De acordo com o gabinete de estatísticas, entre os indivíduos que estavam desempregados no arranque do ano, 3,3 milhões passaram ao emprego, 3,2 milhões passaram à inactividade e 6,9 mantiveram-se sem emprego. Ou seja, 25% dos desempregados encontraram um novo trabalho, enquanto 23,6% passaram à inactividade e 51,4% mantiveram-se no desemprego.

Por outro lado, 2,4 milhões de europeus que tinham emprego entre Janeiro e Março passaram a desempregados entre Abril e Maio, isto é, 1,2% dos empregados passaram a desempregados.

Já cinco milhões de empregados (cerca de 2,5%) transitaram para a inactividade, enquanto 194 milhões de empregados (cerca de 96%) mantiveram-se com um posto de trabalho. Tal significa que a esmagadora maioria dos empregados continuou nessa situação, apesar dos efeitos nas economias do conflito em curso na Ucrânia.
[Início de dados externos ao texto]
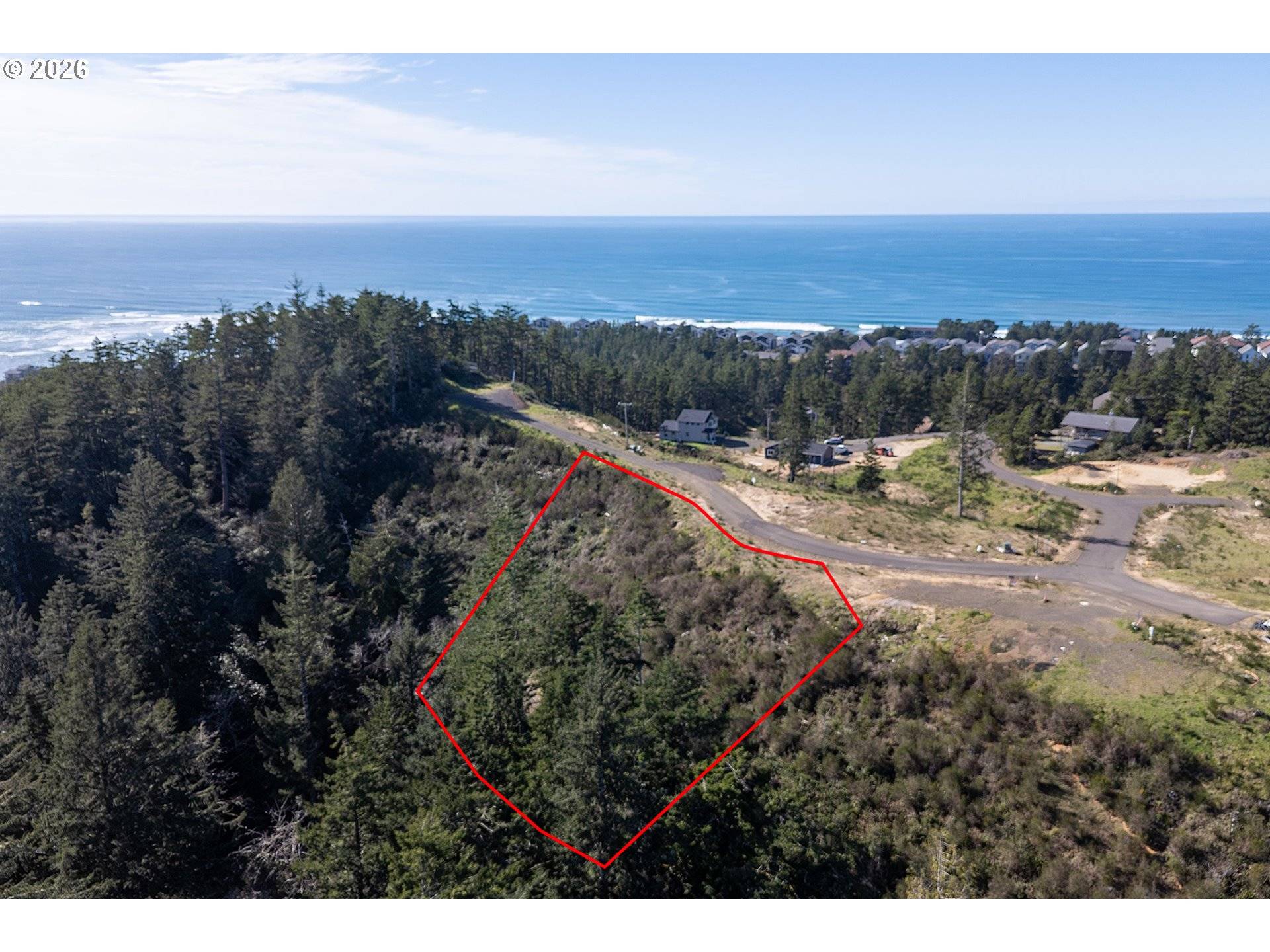 Ava Pl - Lot 9, Oceanside, OR 97134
O Eurostat detalha ainda que, entre os inactivos, a maioria (92,3% ou 108,5 milhões de indivíduos) continuou nessa situação. Em contraste, 4,4% (5,2 milhões de indivíduos) encontraram um emprego e 3,3% (3,9 milhões de indivíduos) passaram ao desemprego, o que significa que começaram activamente a procurar um novo trabalho, estando disponíveis para voltar ao mercado laboral.

De notar que, apesar das dificuldades resultantes da guerra decorrente da invasão russa da Ucrânia, o mercado laboral europeu (incluindo o português) tem estado estável, não registando um agravamento expressivo do desemprego. Os economistas alertam, contudo, que o Inverno poderá ser mais desafiante e não descartam um aumento do desemprego.